Если зрѣніе ума не будетъ очищено дѣланіемъ заповѣдей, дѣлами безмолвнаго житія, не пріобрѣтетъ[402]
въ совершенствѣ свѣта любви, не преуспѣетъ возрастомъ обновленія Христа, улучшеніемъ вѣдѣнія не приблизится къ духовнымъ естествамъ въ той степени, на которой ищетъ ангельскаго духовнаго житія: то не возможетъ содѣлаться истиннымъ зрителемъ Божественнаго созерцанія. Всѣ же тѣ подобія духовнаго, какія думаетъ составить себѣ умъ, называются призракомъ, а не дѣйствительностью. И это, что умъ видитъ одно вмѣсто другого, происходитъ отъ того, что онъ не очистился. Ибо естество истины пребываетъ всегда неизмѣннымъ, и не измѣняется никогда въ подобіе; причиною же мечтанія образовъ сихъ бываетъ немощь, а не чистота ума.Это было и съ философами внѣшними, потому что почли духовнымъ то, о чемъ не пріяли истиннаго ученія отъ Бога. Отъ скопленія и движенія мыслящей силы ихъ, отъ разумѣній помысловъ своихъ заключали они въ самомнѣніи своемъ, что они суть нѣчто; а вмѣстѣ съ этимъ разсуждали, какъ они существуютъ[403]
, чтобы открытіе ихъ происхожденія и измѣненіе уподобленія содѣлалось для нихъ тѣмъ и другимъ. И разглагольствовали объ этомъ въ ненадлежащемъ самомнѣніи, Единаго Бога раздѣлили въ многобожіи, говорили и сошлись между собою въ суесловіи помысловъ, и эту мечту безумія помысловъ своихъ назвали умозрѣніемъ естествъ.Посему истинное созерцаніе естествъ чувственныхъ и сверхчувственныхъ, и Самой Святой Троицы, приходитъ въ откровеніи Христовомъ.
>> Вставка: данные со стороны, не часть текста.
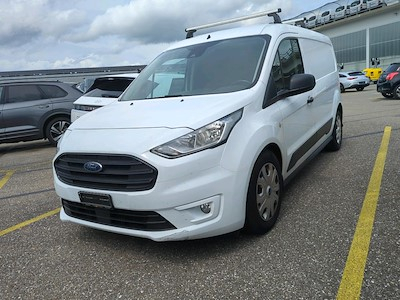 Ford Transit connect 1.5 Ecoblue 120ps L2210 Trend Auto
Ему научилъ и его указалъ человѣкамъ Христосъ, когда первоначально {269} въ Своей Ѵпостаси совершилъ обновленіе естества человѣческаго, возвратилъ и далъ ему первую свободу, и проложилъ намъ путь Собою къ тому, чтобы животворящими Его заповѣдями восходить къ истинѣ. И естество тогда только способно содѣлаться зрителемъ истиннаго, а не мечтательнаго созерцанія, когда человѣкъ первоначально претерпѣніемъ страданій, дѣланіемъ и скорбію совлечется ветхаго страстнаго человѣка, какъ новорожденный младенецъ совлекается одежды, выносимой изъ матернихъ ложеснъ. Тогда умъ способенъ возродиться духовно, быть узрѣннымъ въ мірѣ Духа, и пріять созерцаніе отечества своего.